▸ **ASSIGNED TASK**
Print the lines in the listing below starting at the line with "Leaves of Coconut" and ending at the line with "Роза кустовая", both included. Reproduce them exactly and omit every picture.

▸ **SUPPLIED MATERIAL**
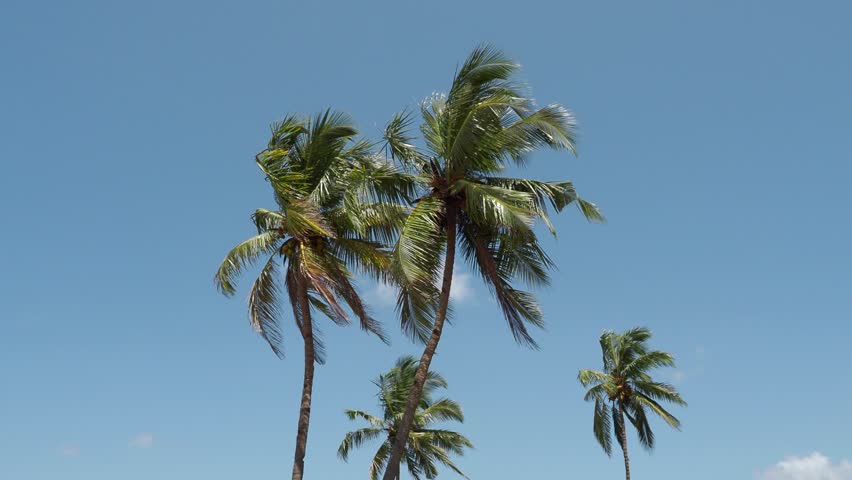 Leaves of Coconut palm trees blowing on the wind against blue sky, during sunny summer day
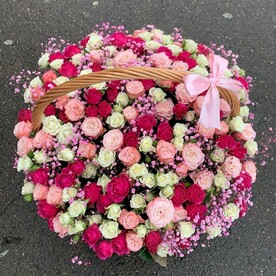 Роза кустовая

--

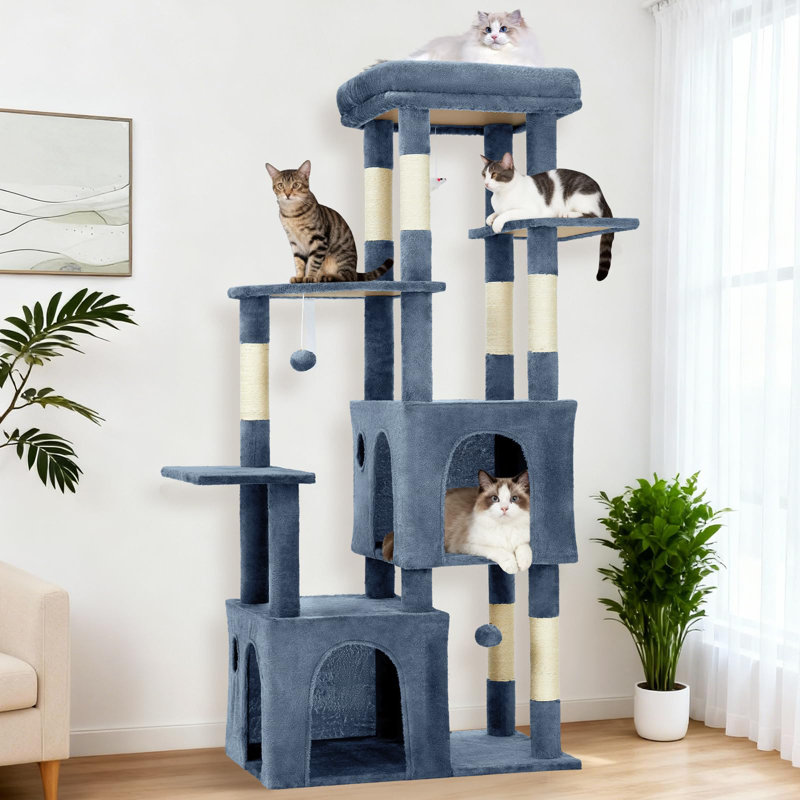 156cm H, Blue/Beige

--

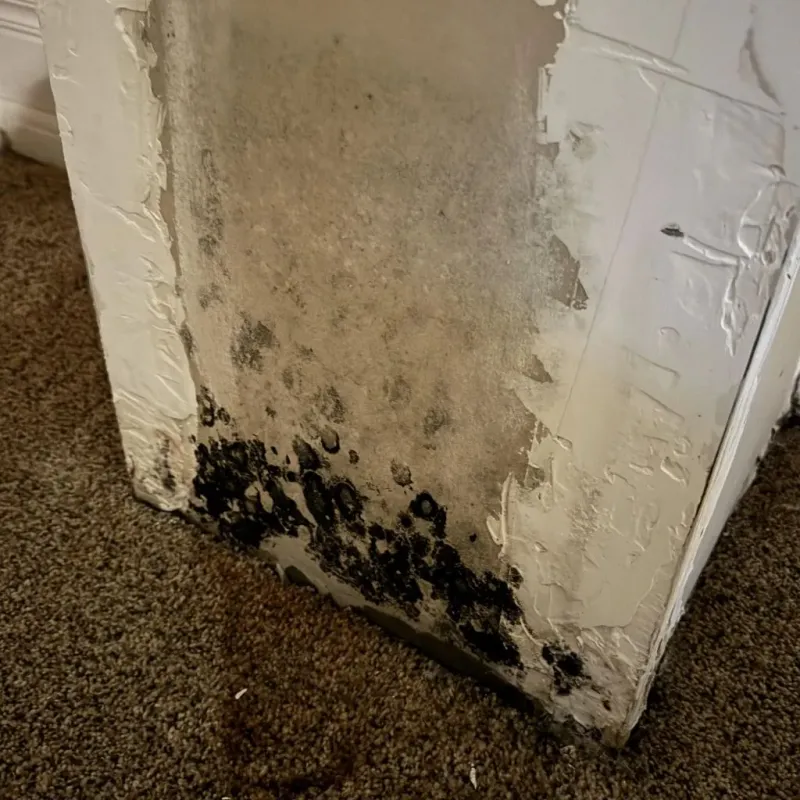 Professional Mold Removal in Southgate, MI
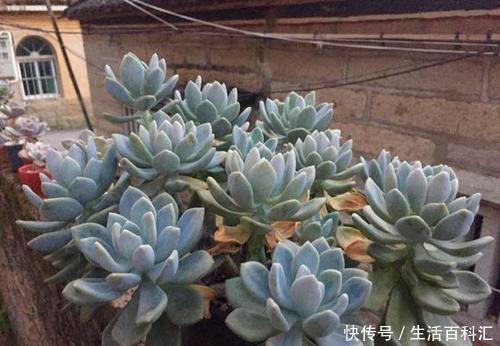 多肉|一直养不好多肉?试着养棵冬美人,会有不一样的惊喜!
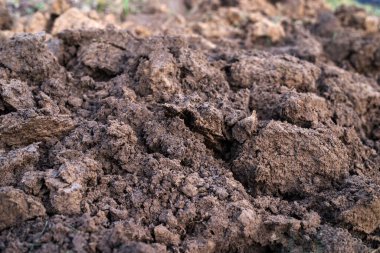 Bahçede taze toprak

▸ **WRITTEN SOLUTION**
 Leaves of Coconut palm trees blowing on the wind against blue sky, during sunny summer day
 Роза кустовая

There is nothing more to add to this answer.